Britain is to find out on Wednesday whether it is officially back in recession or if the non-eurozone member has avoided a fresh downturn amid severe cuts to state spending and spreading debt tensions.
All will be revealed when the Office for National Statistics publishes its first official estimate of British gross domestic product (GDP) for the three months to the end of March.
Highlighting the extent of Britain's debt strains, official data Tuesday showed public sector net debt as a percentage of gross domestic product -- excluding the cost of bank bailouts -- hit a record high 66 percent in March.
Britain's total debt stands at £1.022 trillion (1.25 trillion euros, $1.65 trillion), the ONS revealed.
The country's economy meanwhile shrank by a worse-than-expected 0.3 percent in the fourth quarter of last year.
A further contraction would put the country back in recession -- defined as two consecutive quarters of negative growth.
However, market expectations are for slender growth of 0.1 percent, after a raft of recent encouraging economic data.
"The main concern from the first-quarter UK GDP figure is whether or not the UK will slip back into a technical recession," said Phil McHugh, senior analyst at Currencies Direct.
"Recent opinion has shifted on the back of strong retail sales and lower unemployment figures ... (but) there is a real possibility that we could experience a second consecutive quarter of negative growth."
British retail sales volumes rebounded by a strong 1.8 percent in March from the previous month as unusually warm weather boosted demand for clothes and gardening gear, official data showed last week.
Panic buying of petrol, caused by a threatened strike by fuel tanker workers, also helped retail sales climb last month by the fastest pace since January 2011.
In another positive development ahead of Wednesday's GDP data, recent official figures showed that the number of jobless Britons fell in the three months to February, marking the first quarterly decline in almost a year.
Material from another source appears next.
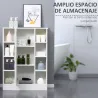Armario de Suelo para Baño de Madera con 8 Compartimentos Abiertos y 1 Puerta con Estantes Ajustables Mueble Aux... - Ogal.Es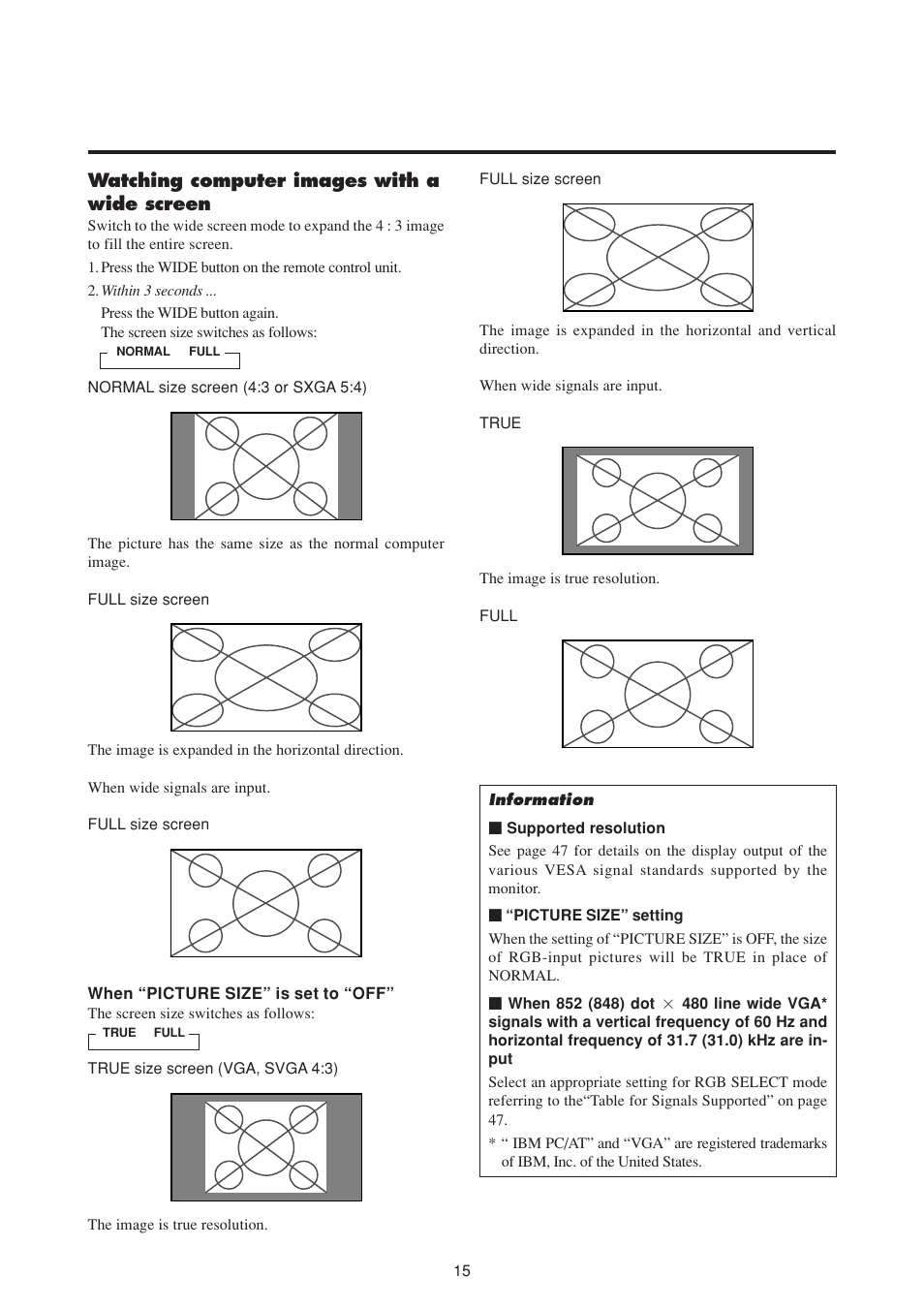 Watching computer images with a wide screen | NEC PlasmaSync 50MP1 User Manual | Page 22 / 60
The number of unemployed fell by 35,000 over the period to 2.65 million people. That was the first quarterly decline since the three months to May 2011.
However, economist Howard Archer warned that anaemic activity in the construction sector could push Britain back into recession.
"There is serious concern that reported very weak construction output will have been a major drag on the economy and resulted in a second (consecutive) quarter of GDP contraction, thereby officially putting the economy back into recession," said Archer, a senior economist at IHS Global Insight.
Economic stormclouds are still also looming large over the eurozone, which is a key trading partner for Britain.
Data on Monday showed that debt-ravaged Spain slumped back into recession in the first three months of 2012.
Scarred by soaring public debt and surging unemployment, the eurozone member's economy contracted by 0.4 percent in the first quarter after a 0.3-percent decline in the last three months of 2011.
Overall, the 17-nation eurozone's output shrank by 0.3 percent in the fourth quarter of last year.